INTRODUCTION
The nose is centrally located on the face and significantly contributes to an individual’s overall appearance. Consequently, any surgical intervention involving the nose must prioritise the achievement of optimal results, which encompass skin colour matching, adequate tissue coverage, flap viability, and aesthetically acceptable outcomes.1 A modification of the Rintala glabellar linear advancement flap was used in the treatment of basal cell carcinoma located in the nasal region.2
CASE PRESENTATION
An 87-year-old female patient was referred to the authors’ department, having a diagnosis of basal cell carcinoma situated in the middle one-third of the nasal dorsum (Figure 1A). The tumour was excised using a modified Rintala flap technique. The flap design, elevation, and transfer were carried out in accordance with the traditional Rintala flap procedure while utilising local anaesthesia. The resultant defect measured 1×1 cm (Figure 1B).3,4 A superior rectangular flap was designed, extending to the central forehead. The flap was elevated in the supraperiosteal plane, with bilateral parallel incisions made along both sides of the nasal sidewall, from the corners of the defect to the glabellar region and into the forehead, thereby enhancing the advancement of the flap (Figure 1C–E). Burow’s triangle resection was deemed unnecessary due to the considerable elasticity of the skin, and the suturing
was executed without applying increased tension.

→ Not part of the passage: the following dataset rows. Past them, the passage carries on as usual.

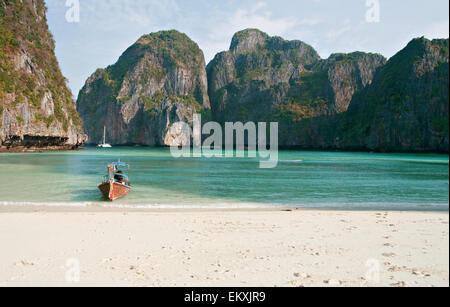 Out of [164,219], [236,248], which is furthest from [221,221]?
[236,248]

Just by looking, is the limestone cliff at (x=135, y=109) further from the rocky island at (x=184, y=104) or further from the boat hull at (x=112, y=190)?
the boat hull at (x=112, y=190)

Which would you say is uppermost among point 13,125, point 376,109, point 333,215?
point 376,109

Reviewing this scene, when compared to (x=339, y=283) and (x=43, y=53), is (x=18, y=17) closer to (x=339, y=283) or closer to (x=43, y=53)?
(x=43, y=53)

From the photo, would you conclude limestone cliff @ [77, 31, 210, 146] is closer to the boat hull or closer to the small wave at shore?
the boat hull

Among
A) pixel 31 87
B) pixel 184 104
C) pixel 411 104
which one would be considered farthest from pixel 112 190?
pixel 184 104

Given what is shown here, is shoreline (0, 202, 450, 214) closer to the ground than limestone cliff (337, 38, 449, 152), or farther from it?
closer to the ground

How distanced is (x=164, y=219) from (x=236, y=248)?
440 cm

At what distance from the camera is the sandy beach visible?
5691 mm

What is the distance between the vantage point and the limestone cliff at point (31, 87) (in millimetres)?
56500

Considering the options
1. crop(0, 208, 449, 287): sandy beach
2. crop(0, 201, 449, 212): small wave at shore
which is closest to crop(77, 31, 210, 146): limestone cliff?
crop(0, 201, 449, 212): small wave at shore

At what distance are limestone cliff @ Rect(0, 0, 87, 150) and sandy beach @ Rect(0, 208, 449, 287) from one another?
54.7 m

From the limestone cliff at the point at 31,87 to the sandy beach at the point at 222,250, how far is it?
2153 inches

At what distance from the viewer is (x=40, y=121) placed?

Figure 1: Patient with basal cell carcinoma and modified Rintala flap.
The post-operative wound healing procedure was completed without any complications such as infections, hypertrophic scars, keloids, or delayed closure of the trauma. In addition to a rapid recovery, a highly satisfactory aesthetic result was observed during the follow-up visits at 15 and 30 days after surgery.
CONCLUSION
The Rintala flap, initially described in 1969, serves as a dependable option for the reconstruction of moderate nasal defects by utilising an advancement flap from the central forehead.3 A significant limitation of this technique is the potential for ischaemia at the distal end of the flap.5 Consequently, the acceptable range for flap transfer is defined from the glabella to the middle third of the nasal dorsum. It is crucial to recognise that the resection of Burow’s triangles, whether performed below the eyebrow or in the canthal region, may result in deformities, thereby restricting the distance that the flap can be advanced. Through the implementation of the modified Rintala technique, as previously outlined, it is possible to successfully enhance the width of the rectangle along the nasal dorsum while avoiding the creation of Burow’s triangles. This method provides aesthetically favourable outcomes without introducing distortions to the central facial region.